To create a view in the Data Catalog, you must have a Spectrum external table, an object that’s contained within a Lake Formation-managed datashare, or an Apache Iceberg table.

Definitions of Data Catalog views are stored in the Amazon Glue Data Catalog. Use Amazon Lake Formation to grant access through resource grants, column grants, or tag-based access controls. For more information about granting and revoking access in Lake Formation, see Granting and revoking permissions on Data Catalog resources.

Prerequisites

Before you can create a view in the Data Catalog, make sure that you have the following prerequisites completed:

  • Make sure that your IAM role has the following trust policy.

    { "Version": "2012-10-17", "Statement": [ { "Effect": "Allow", "Principal": { "Service": [ "glue.amazonaws.com", "lakeformation.amazonaws.com" ] }, "Action": "sts:AssumeRole" } ] }
  • You also need the following pass role policy.

    { "Version": "2012-10-17", "Statement": [ { "Sid": "Stmt1", "Action": [ "iam:PassRole" ], "Effect": "Allow", "Resource": "*", "Condition": { "StringEquals": { "iam:PassedToService": [ "glue.amazonaws.com", "lakeformation.amazonaws.com" ] } } } ] }
  • Finally, you also need the following permissions.

    • Glue:GetDatabase

    • Glue:GetDatabases

    • Glue:CreateTable

    • Glue:GetTable

    • Glue:UpdateTable

    • Glue:DeleteTable

    • Glue:GetTables

    • Glue:SearchTables

    • Glue:BatchGetPartition

    • Glue:GetPartitions

    • Glue:GetPartition

    • Glue:GetTableVersion

    • Glue:GetTableVersions

End-to-end example

Start by creating an external schema based on your Data Catalog database.

CREATE EXTERNAL SCHEMA IF NOT EXISTS external_schema FROM DATA CATALOG DATABASE 'external_data_catalog_db' IAM_ROLE 'arn:aws:iam::123456789012:role/sample-role';

You can now create a Data Catalog view.

CREATE EXTERNAL PROTECTED VIEW external_schema.remote_view AS SELECT * FROM external_schema.remote_table;

You can then start querying your view.

SELECT * FROM external_schema.remote_view;

For more information about the SQL commands related to views in the Data Catalog, see CREATE EXTERNAL VIEW, ALTER EXTERNAL VIEW, and DROP EXTERNAL VIEW.

Considerations and limitations

The following are considerations and limitations that apply to views created in the Data Catalog.

  • You can’t create a Data Catalog view that is based off of another view.

  • You can only have 10 base tables in a Data Catalog view.

  • The definer of the view must have full SELECT GRANTABLE permissions on the base tables.

  • Views can only contain Lake Formation objects and built-ins.
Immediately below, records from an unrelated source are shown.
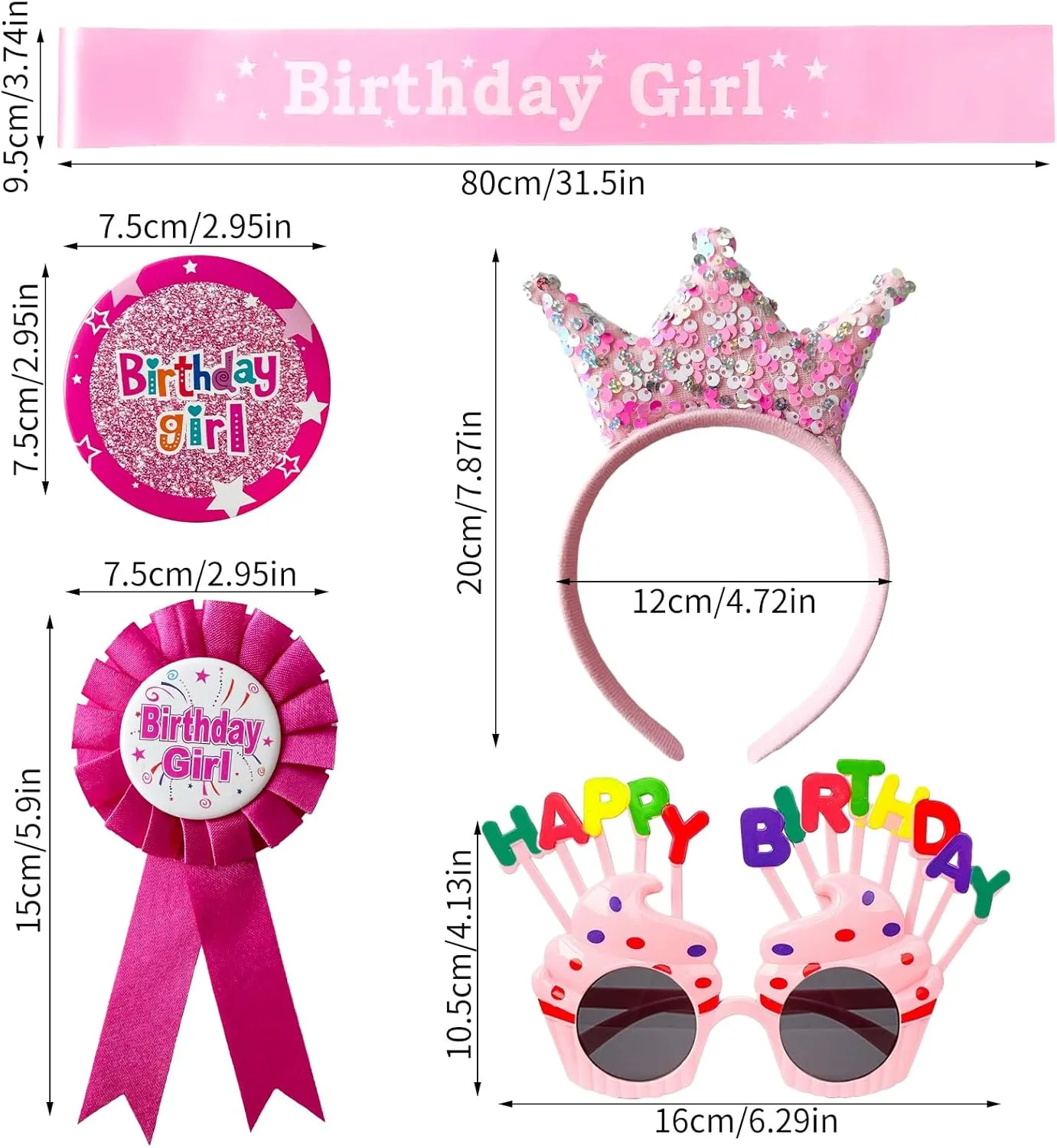 YumSur Birthday Crown and Dress Up Set - Headband Tiara, Ribbon Medal for Kids, Girl, Boy, Children's Party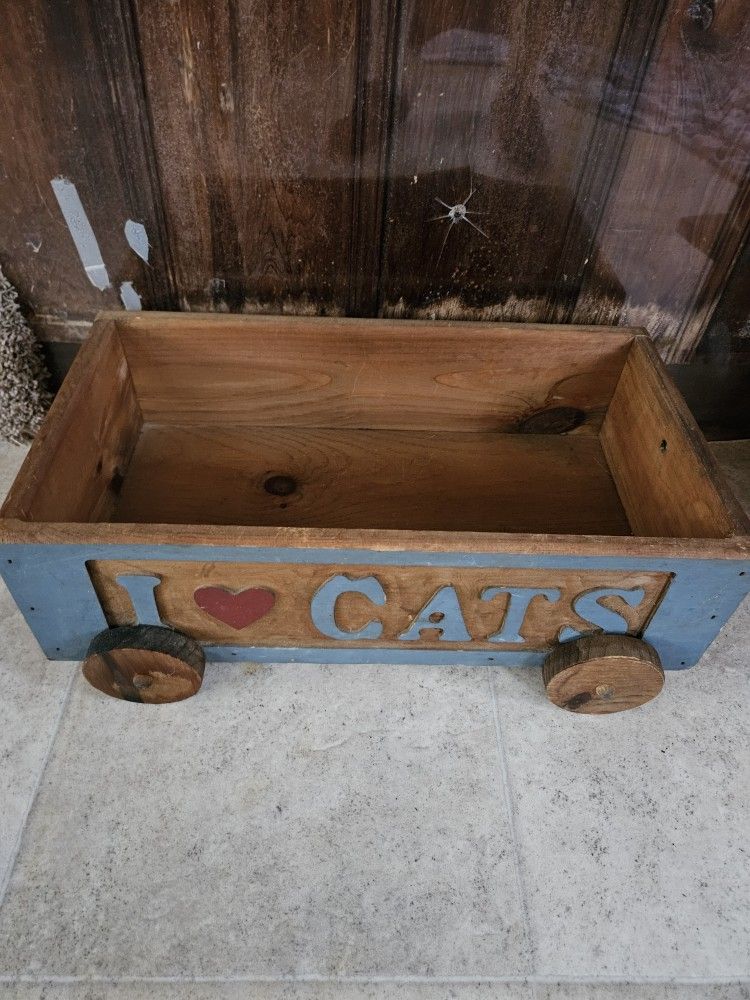 Cute I LOVE CATS Wooden Cart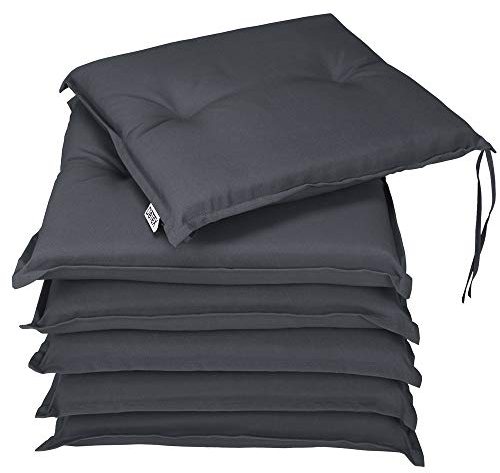 Detex® Ensemble de 6 Coussins Boston de Chaise de Jardin Anthracite Coussin de siège de Jardin en Polyester intérieur extérieur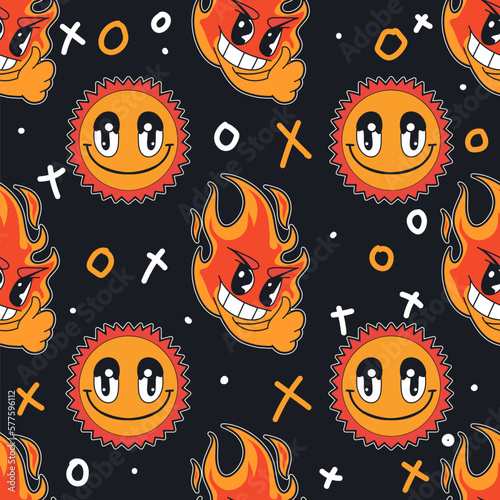 Flat retro seamless patterns with a 90s influence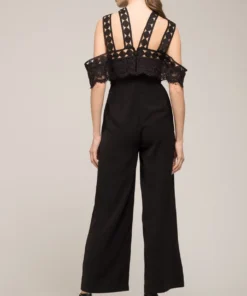 Moon River Cold Shoulder Lace Jumpsuit Womens
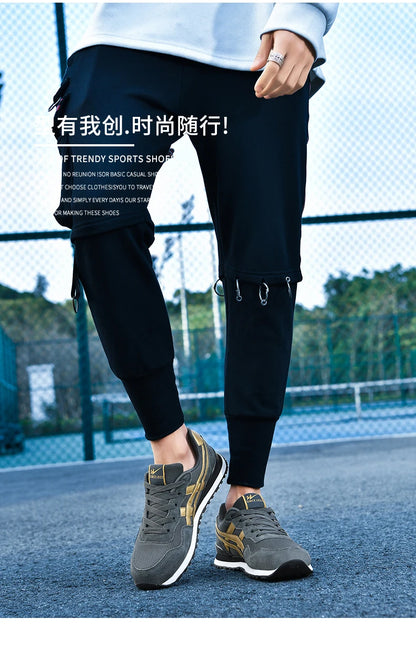 Double Star Training Walking Shoes, Breathable Mesh Sports Shoes, Versatile Fashion Trendy Men's Shoes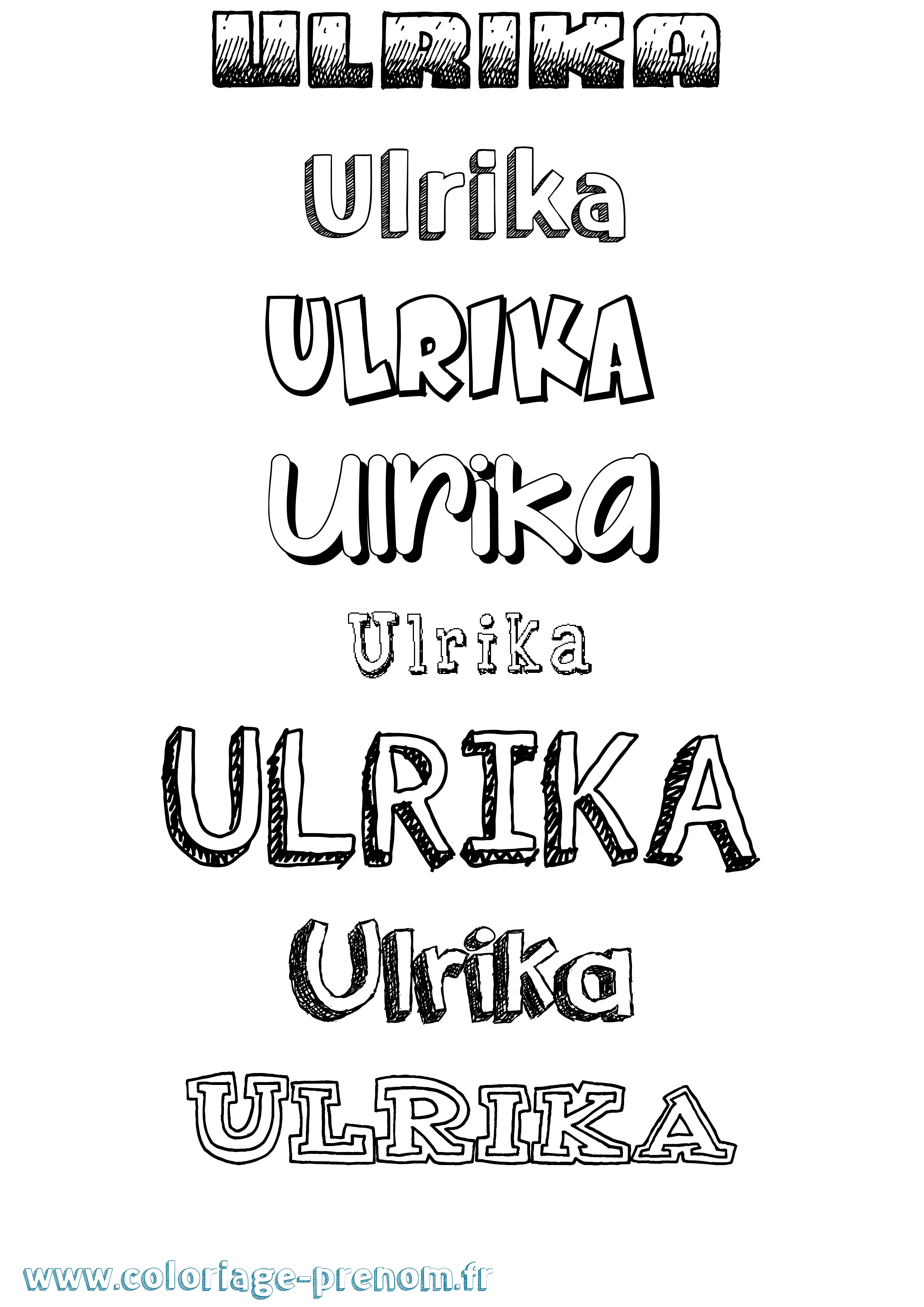 Coloriage prénom Ulrika Dessiné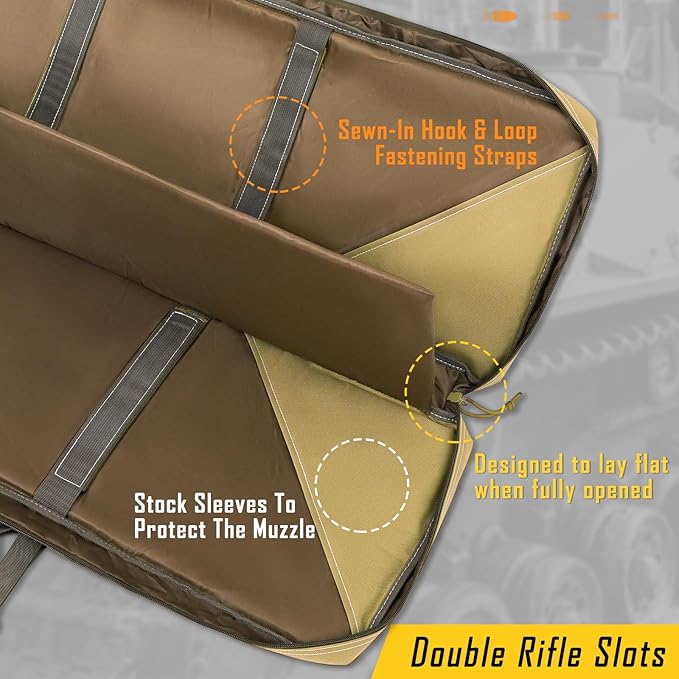 DULCE DOM 32/36/42/48/52 inch Double Rifle Case Soft Gun Bag for Rifles Pistols Storage & Transportation, All Around Shooting Range Tactical Backpack for Hunters Shooters, Gift for Boyfriend, Husband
The following objects are not permitted inside of a view.

    • System tables

    • User-defined functions (UDFs)

    • Redshift tables, views, materialized views, and late binding views that aren’t in a Lake Formation managed data share.

  • Views can’t contain nested Redshift Spectrum tables.

  • You can only query views by using two-dot notation. Querying Lake Formationviews from an externally mounted database is not supported.

  • The ARN of a Lake Formation table referenced in a Redshift view must be fewer than 127 characters long.

  • Amazon Glue representations of the base objects of a view must be in the same Amazon Web Services account and Region as the view.